Sometimes I come back after weeks or months, sometimes I don't bother.
I appreciate your feelings, but I need to point out that you don't actually know that you would have continued playing that game. Let's say you had this tool to help you clear a boss (and we're being very generous in assuming it can). Most games ramp up in difficulty, and many bosses or hurdles act as skill checks. What do you suppose would happen when you got to the next difficult spot? It almost certainly wouldn't be easier than before.
I get that there's difficult games out there that are hard for the sake of being hard (Fromsoft has some of the most egregious examples), but that might just be a sign that those games aren't actually your cup of tea, and that's okay, even if it's from a flaw in the game design.
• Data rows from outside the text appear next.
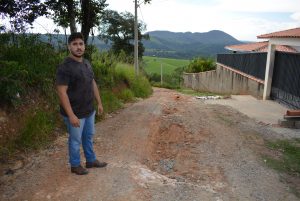 Vereador Diego Costa cobra melhorias na Rua Cardeal, no Alpes do Guaçu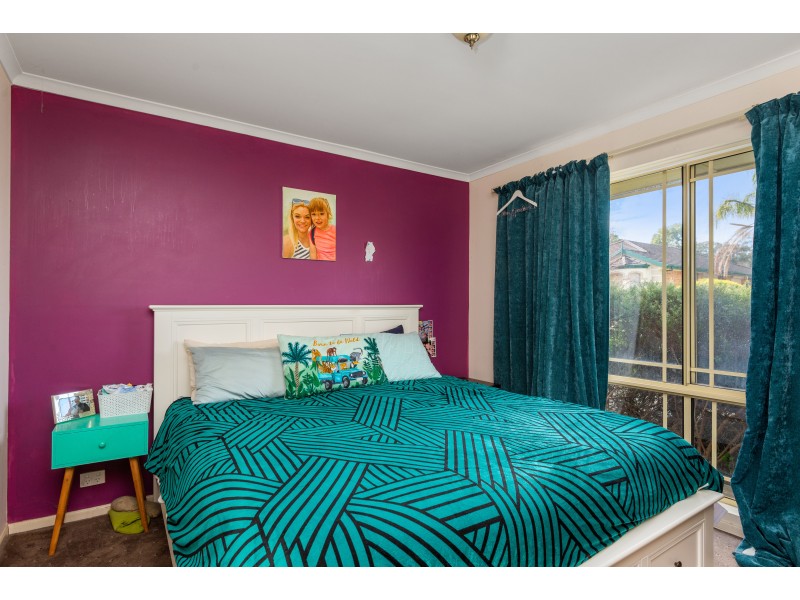 17 Merrivale Drive, Happy Valley SA 5159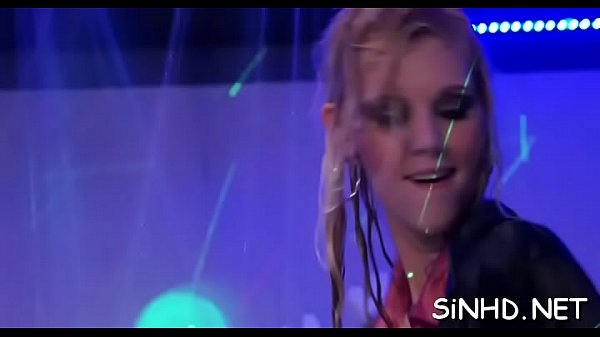 Raucousgroup banging session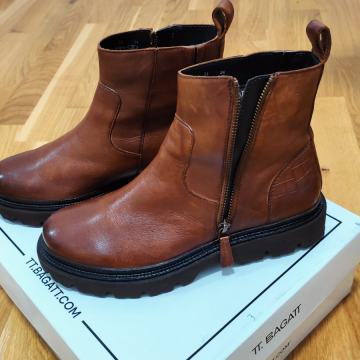 Bagatt
ženska gležnjerica 39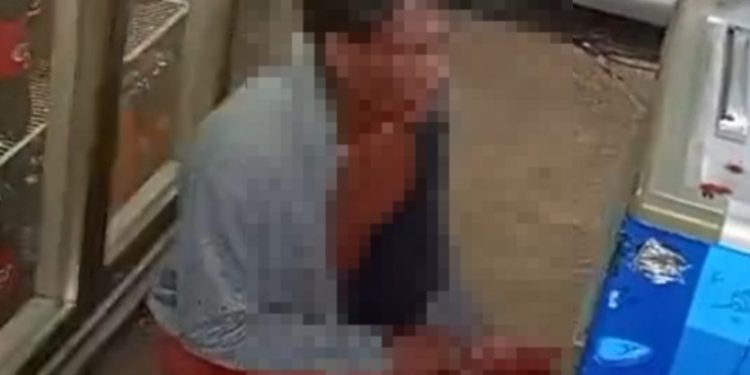 Vídeo forte: suspeit0 de furt0 em Manacapuru é agredid0 e jura: ‘sou homem de bem’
If you're not having fun with a game anymore, you should give yourself permission to walk away.
If you drop a game for any reason, you are never required to pick it back up, and this idea that we all need to "work through our backlog" is making what's supposed to be a fun hobby into a chore.
yes, that's kind of my point. With this feature it'd be more likely that I would. I don't play games for the boss fights, but even story-driven ones have them at times. They're more of a nuisance to me.
At that point a cheat code to enable godmode achieves the same purpose and still gives you player agency, unlike an AI taking over. Or just an accessibility option to skip boss fights. We really don't need to reinvent the wheel here with AI.